[Material provided — start]

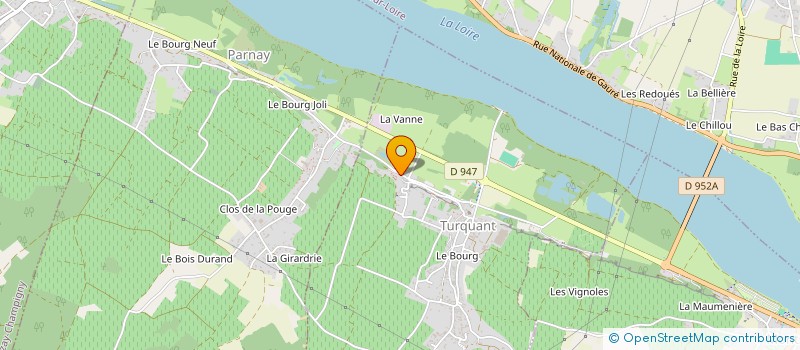 localisation de l'entreprise MONSIEUR SERGE LE GUENNIC  TURQUANT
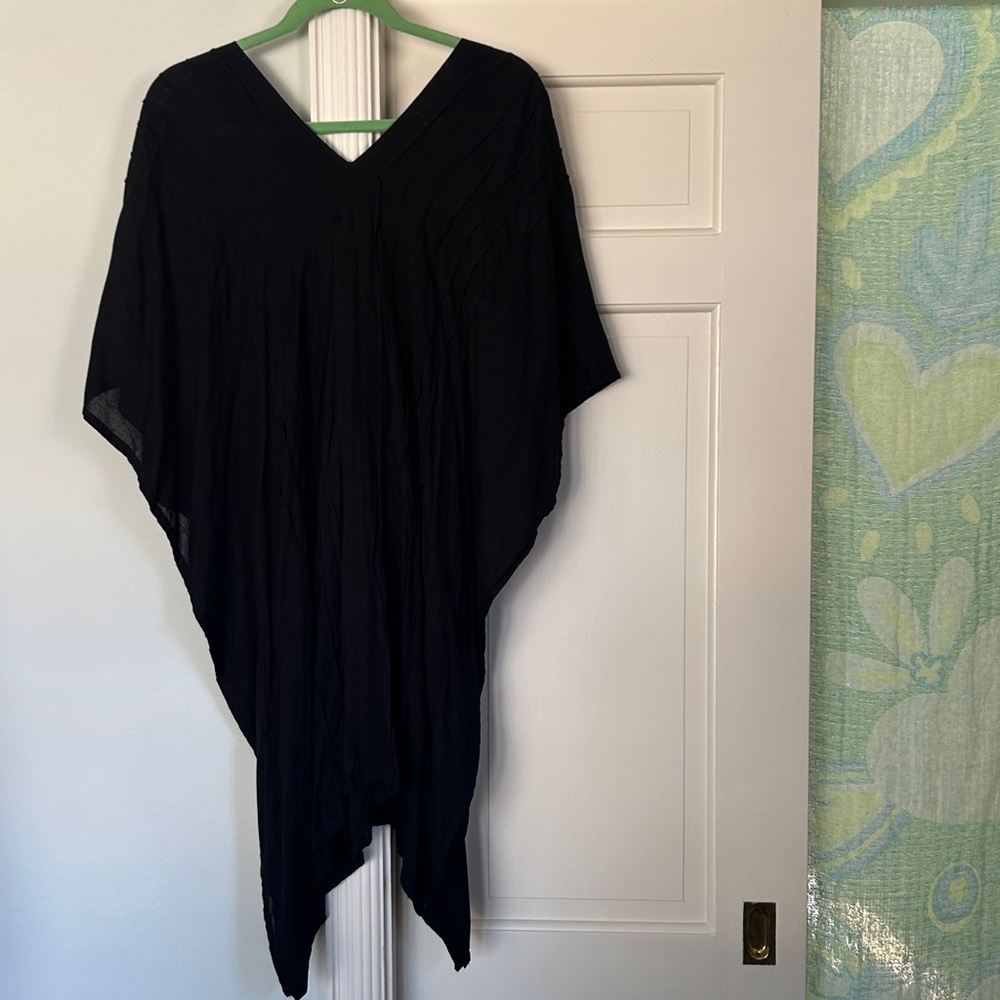 Swim Coverup V-Neck Embellishments Coverup Dress Black Coco Kai NEW - Picture 15 of 15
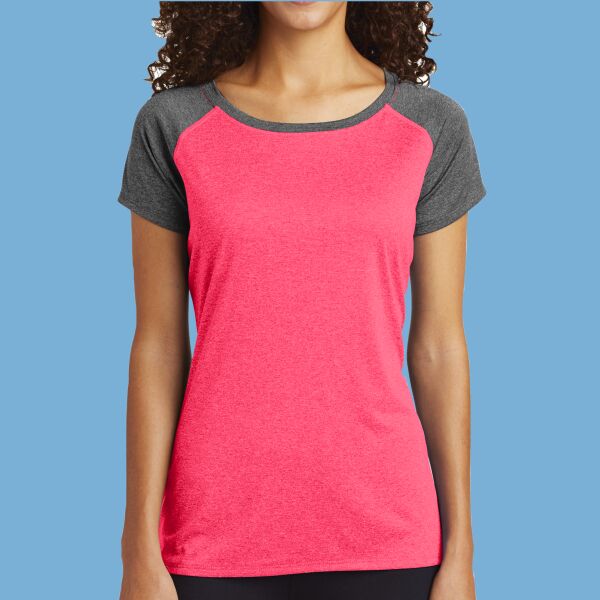 Women's Heather On Heather Contender Scoop Neck Tee Thumbnail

[Material provided — finish]

**Exercise prompt:** Reproduce the data exactly, please, and omit its pictures.

**Solution to this exercise:**
 localisation de l'entreprise MONSIEUR SERGE LE GUENNIC  TURQUANT
 Swim Coverup V-Neck Embellishments Coverup Dress Black Coco Kai NEW - Picture 15 of 15
 Women's Heather On Heather Contender Scoop Neck Tee Thumbnail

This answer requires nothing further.